--- DATA BLOCK ---
· · · ·

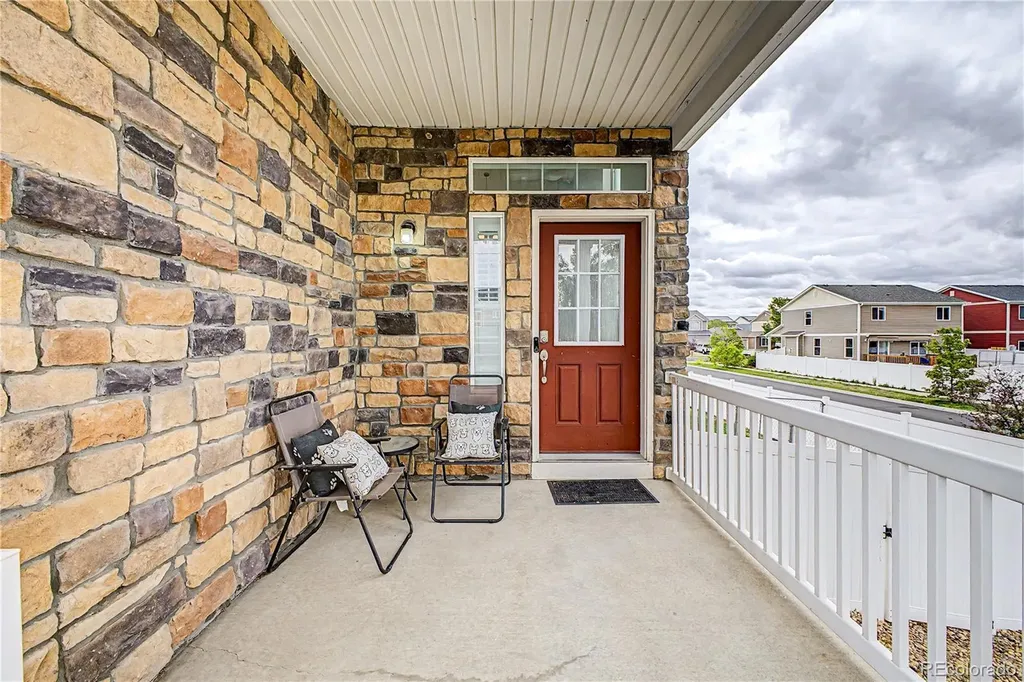 5552 Killarney Street Denver CO 80249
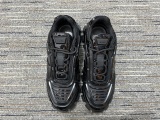 Men Women P*rada Top Sneaker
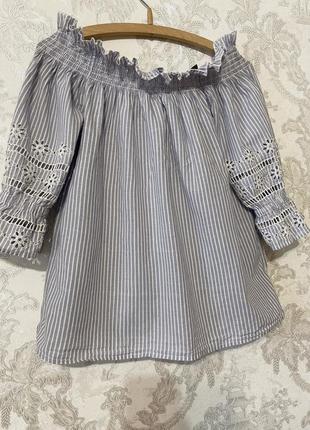 Женская блуза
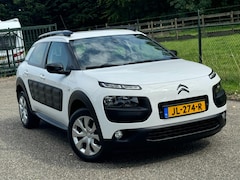 Citroën C4 Cactus - 1.2 PureTech Feel /Navi/Airco/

· · · ·

--- AIM OF THE EXERCISE ---
Drop the pictures, then transcribe the lines from the one containing "Men Women P*rada Top Sneaker" to the end of the data above, exactly and nothing more.

--- RESULT ---
 Men Women P*rada Top Sneaker
 Женская блуза
 Citroën C4 Cactus - 1.2 PureTech Feel /Navi/Airco/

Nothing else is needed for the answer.